The Indo-Europeans

Let’s talk about the Indo-Europeans. Why is this important? Because over the last few millennia, the Indo-European peoples in both the West – in Europe – and in the East – in Iran and India – have stood in the center of all of the most significant events and processes on a planetary scale. Far from all of these events have beem graceful or wonderful, but the ups and downs of the last millennia are the work of none other than the Indo-Europeans. Today, as the fate of the Indo-European peoples and cultures is becoming all the more problematic with each passing day, and as a crisis of identity, demographic catastrophe, and overall some kind of obvious clouding of consciousness stare Indo-Europeans in the face, it is time to pose the question: who are the Indo-Europeans? What unites them, if anything unites them at all? What are they approaching in this critical moment of their history and fate?

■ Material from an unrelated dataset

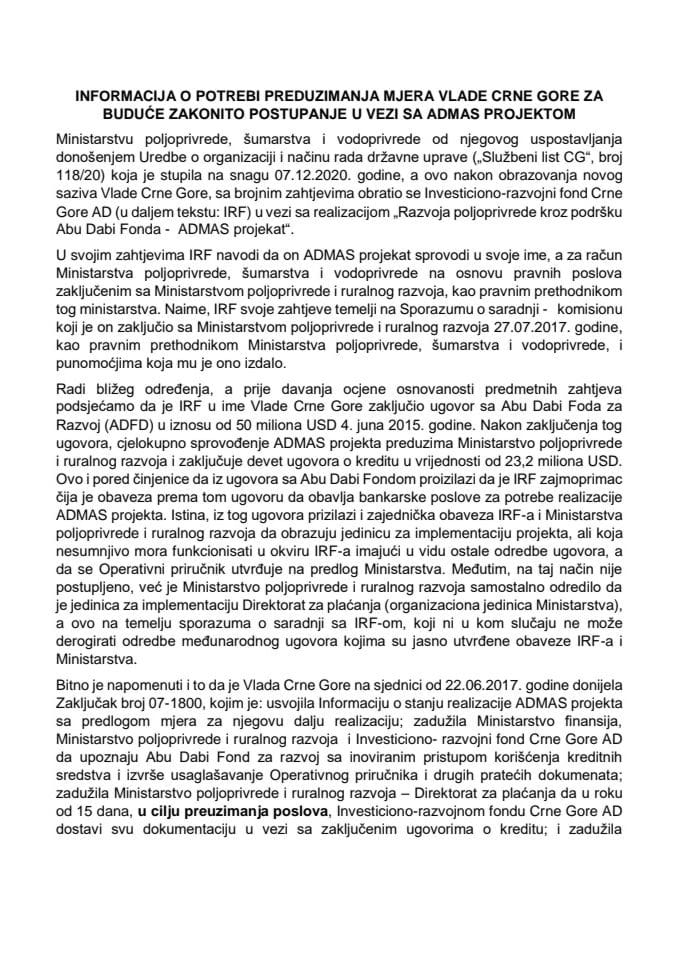 Информација о потреби предузимања мјера Владе Црне Горе за будуће законито поступање у вези са АДМАС пројектом 	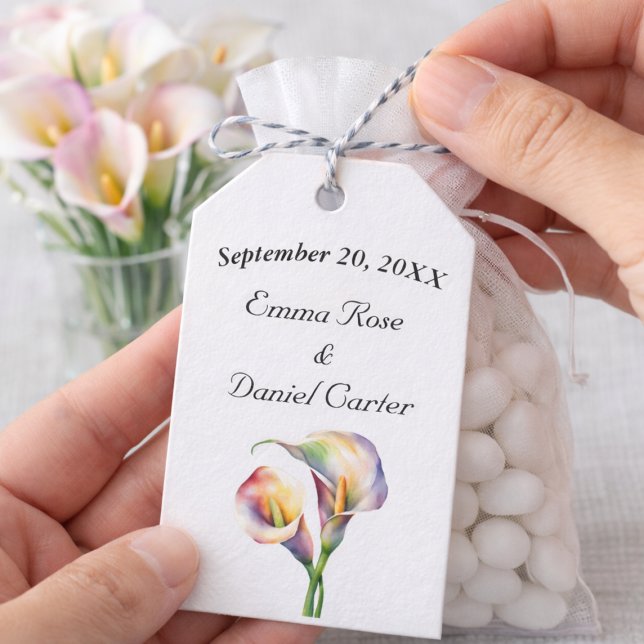 Elegante Wasserfarbe Calla Lilies Romantische Blum Geschenkanhänger (Von Creator hochgeladen)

This is also important because we, Slavs, are also part of Indo-European civilization. Our language, culture, and history are Indo-European. Moreover, the overwhelming majority of historians and linguists are convinced that the first Indo-European tribes – the ancestors of the peoples of Europe, India, Iran, and even the Malaysian Hittites – came from the lands that have been the territories of our country, Great Russia, for centuries. 

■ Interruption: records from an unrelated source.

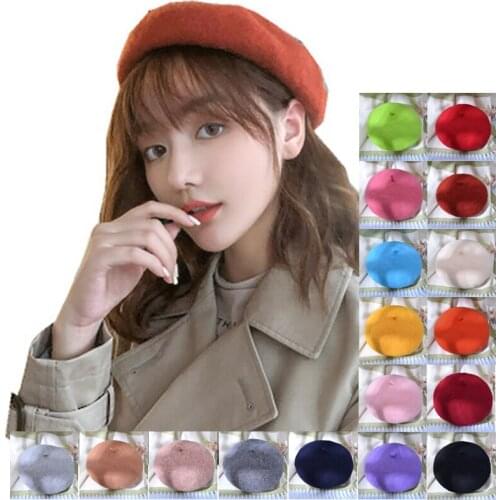 Lady Winter Caps Women Girl Beret French Artist Warm Felt Winter Beanie Hat Cap Vintage Plain Beret Hats Solid Color Elegant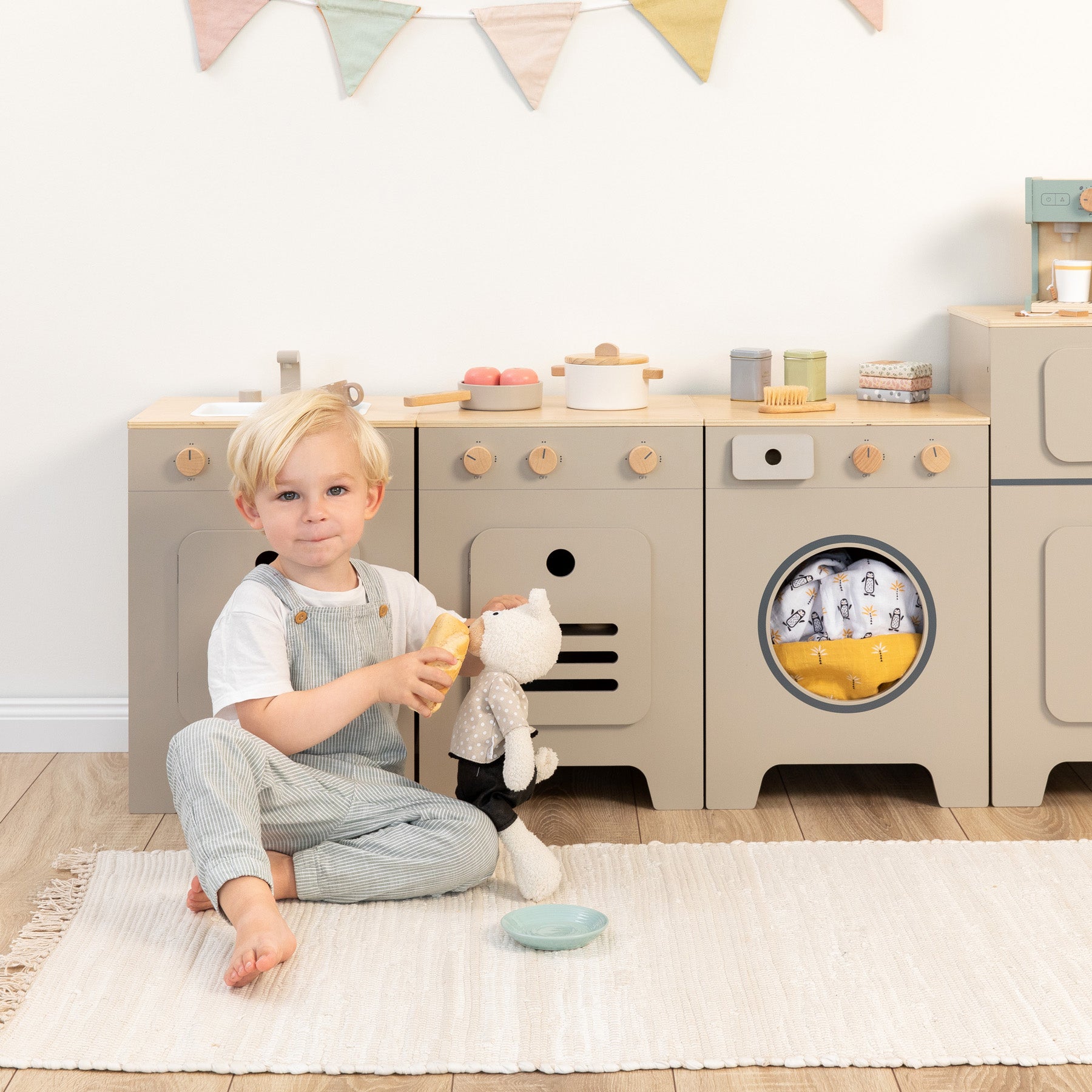 Musterkind - Spielherd "Mix & Match" warmgrau/natur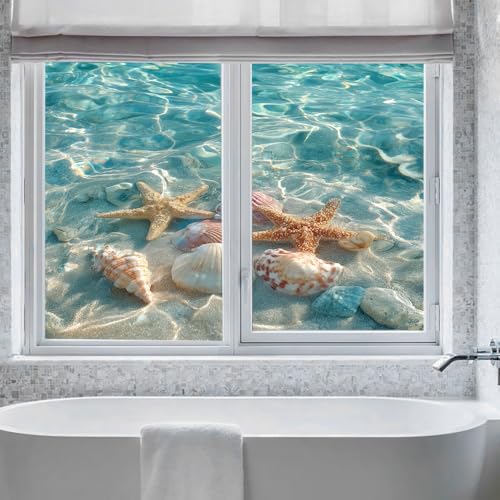 Vinilo adhesivo decorativo para ventana con diseño Underwater Beach miniatura 4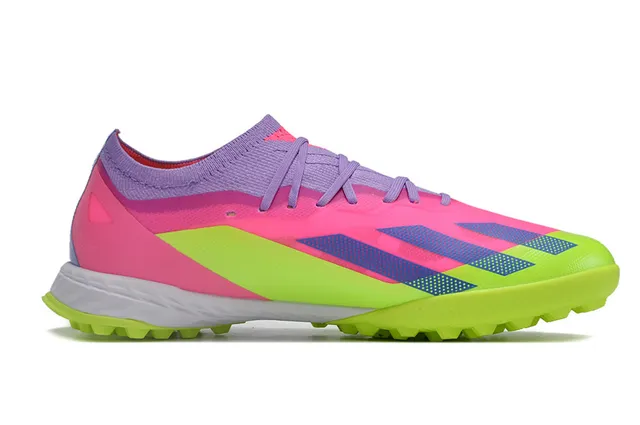 Adidas X Green Pink Low-Cut Upper الصناعي Molded TPU Stud Outsole عشب اصطناعي أحذية كرة القدم 7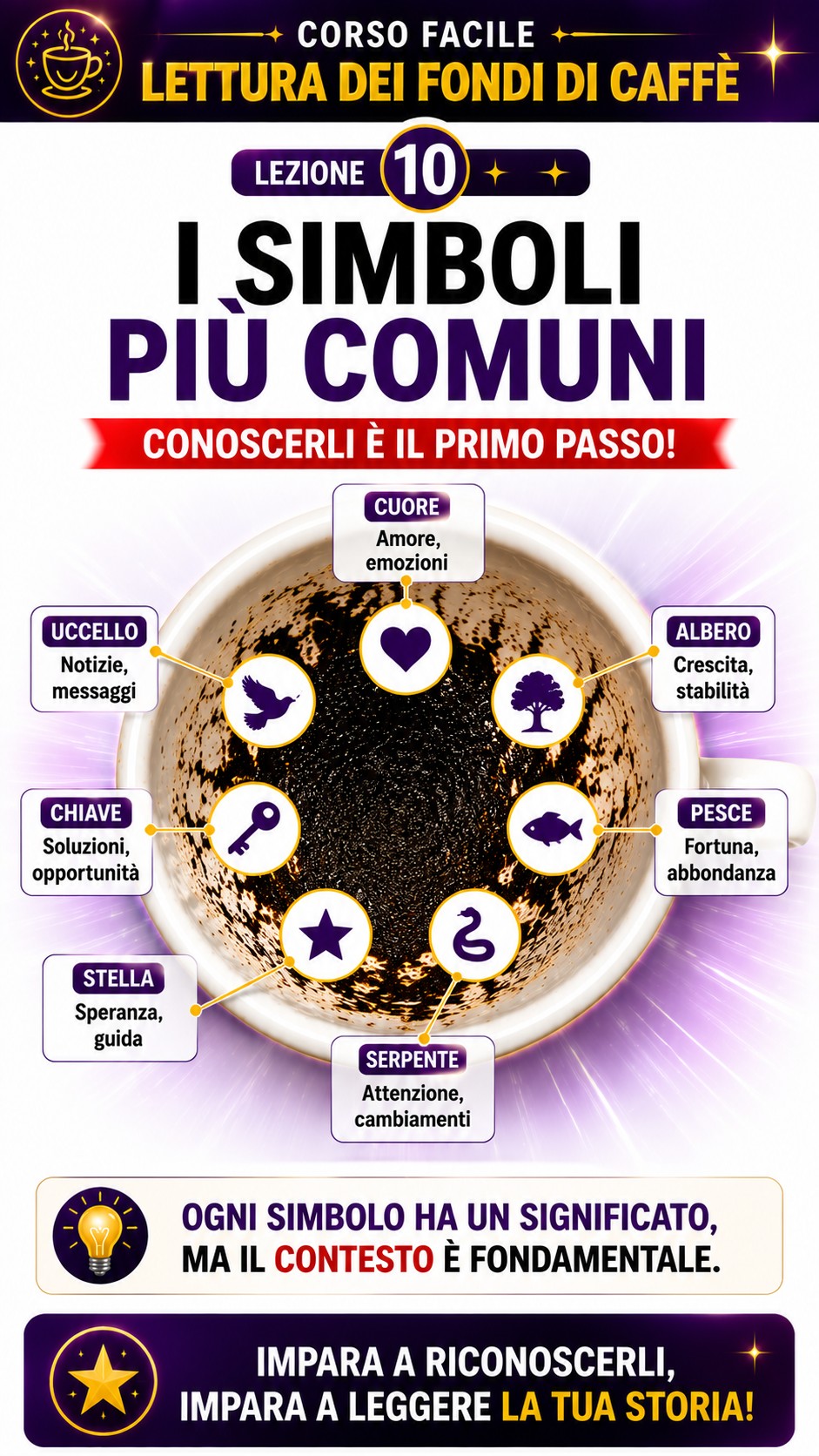 corso facile illustrato con immagini per imparare la lettura dei fondi di caffè realizzato dai tarocchi gratis delle streghe e dal cartomante francesco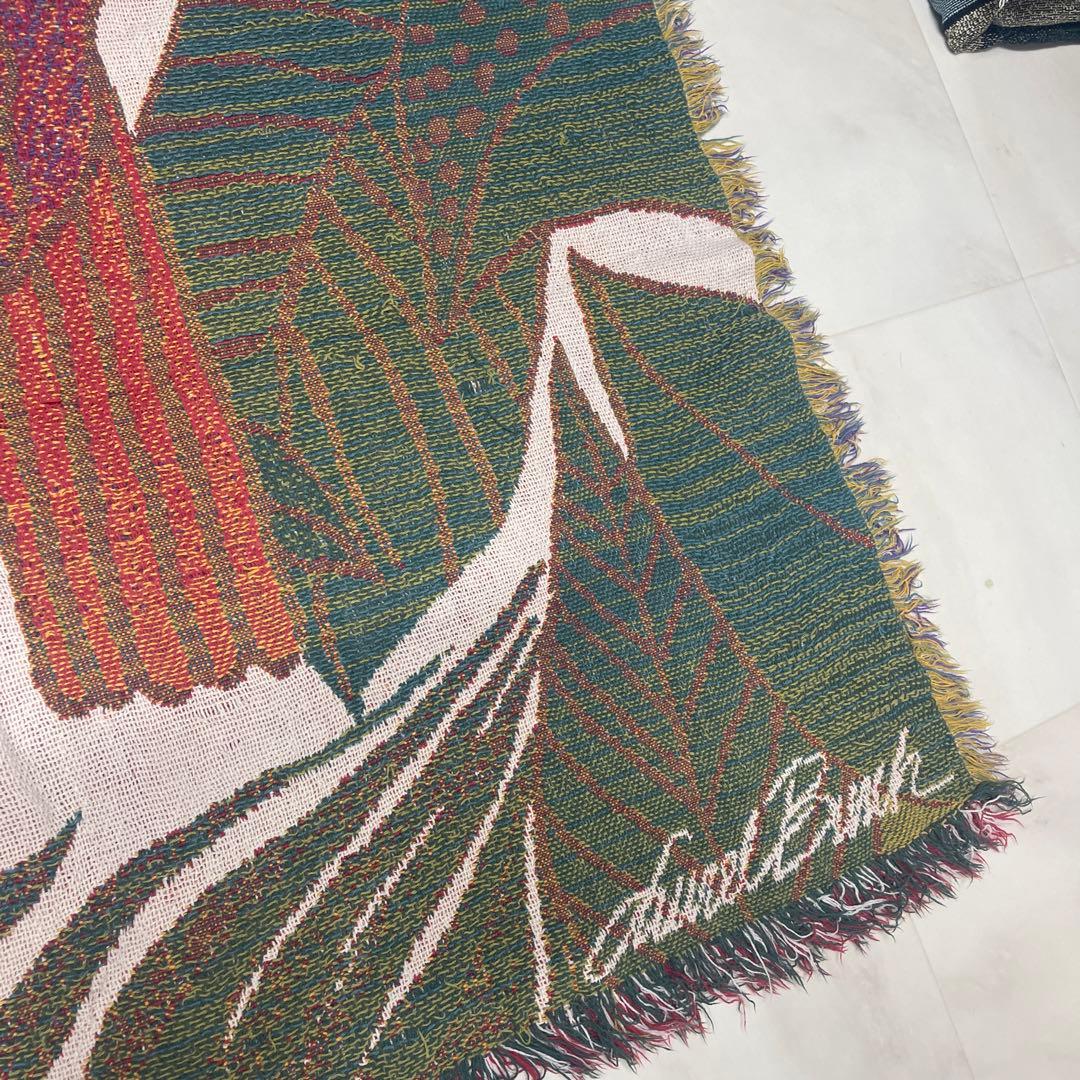 鳥　マルチカバー　ソファーカバー　ヴィンテージラグ　170x116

The Indo-Europeans’ identity rests in the following. These are none other than the peoples who since antiquity worshipped the heavenly, fatherly gods of light. In ancient times, polytheism predominated among the Indo-Europeans, but after the birth of Christ exactly 2017 years ago, more and more Indo-Europeans, starting with the Greeks and Romans, embraced Christianity. Not all of Europe became Christian, but in this case the God of the Trinity was conceived as the uncreated Light, the Heavenly King and, after all, loyalty to light and the sky was an integral feature of the Indo-European religion.

The Indo-European peoples are of the patriarchal family. They did not humiliate women, nor did they consider them to be objects or slaves, but they did not give them free will. Indo-European patriarchy originated from the principle that the sky is the father and the earth is the mother. This does not belittle earth or women, but the vertical is obvious.

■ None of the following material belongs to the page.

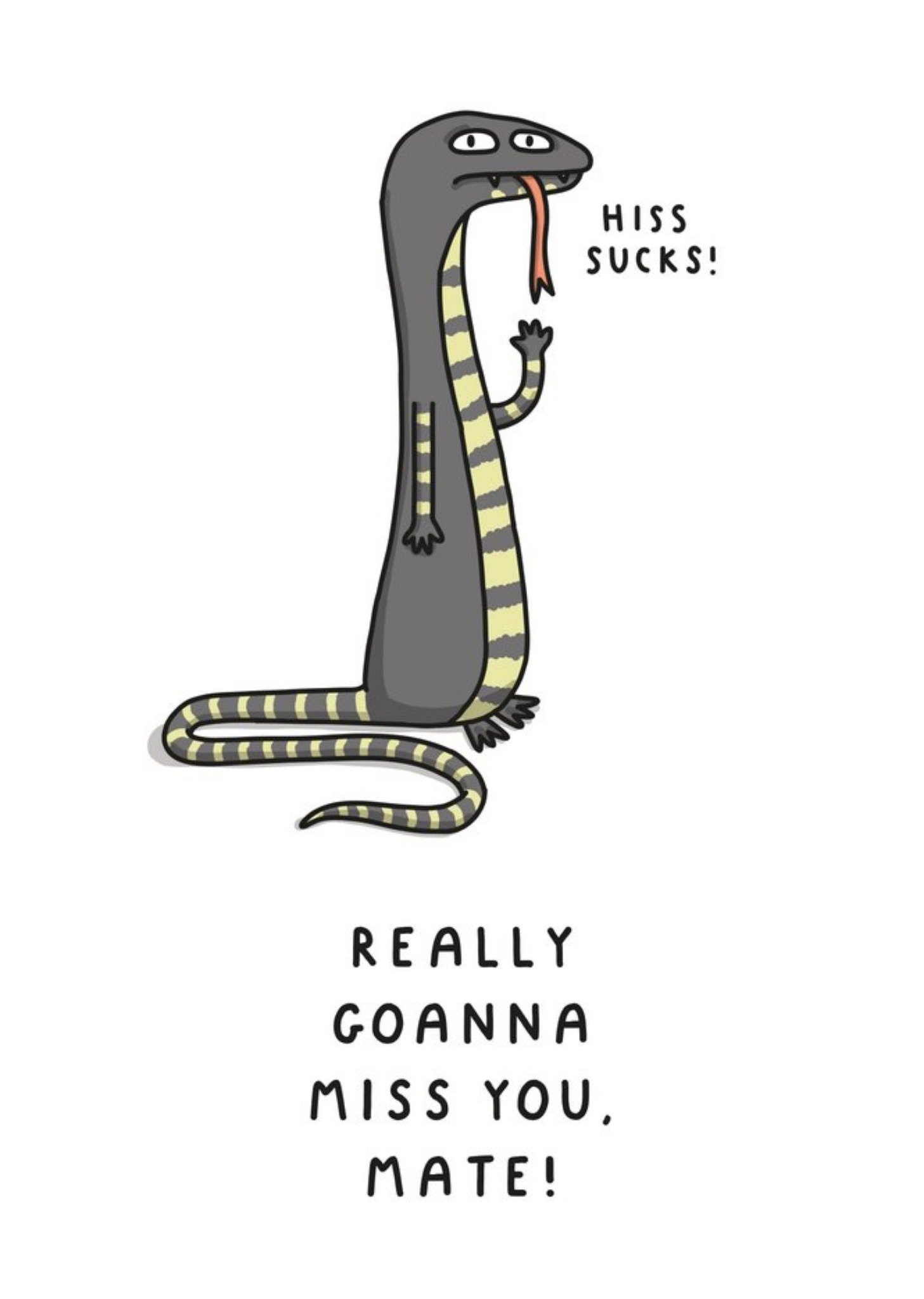 Moonpig Funny Snake Goanna Miss You Leaving Card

The French historian Georges Dumézil substantiated and proved that all Indo-European societies were built on a triadic model founded on three castes or estates. Priests, sacred kings, and the priesthood were the first caste. The priesthood was inseparably tied to the kingdom. The reign of an usurper, a rapist, or an idiot was considered to be an anomaly.

The second caste was that of professional warriors. The Indo-Europeans knew no equals in this regard. They could fight and always did. The Indo-Europeans domesticated the horse and invented the chariot which, of course, they used to attack, to fight, and to win. With such a spirit, the Indo-Europeans created all of the states of Europe and many of the states of Asia. In some sense, thanks to the second caste, the Indo-Europeans gradually achieved world domination. Whether this is good or bad is another question. But it is a fact that they did. It is none other than warriors who create states, and the Indo-Europeans realized this superbly. 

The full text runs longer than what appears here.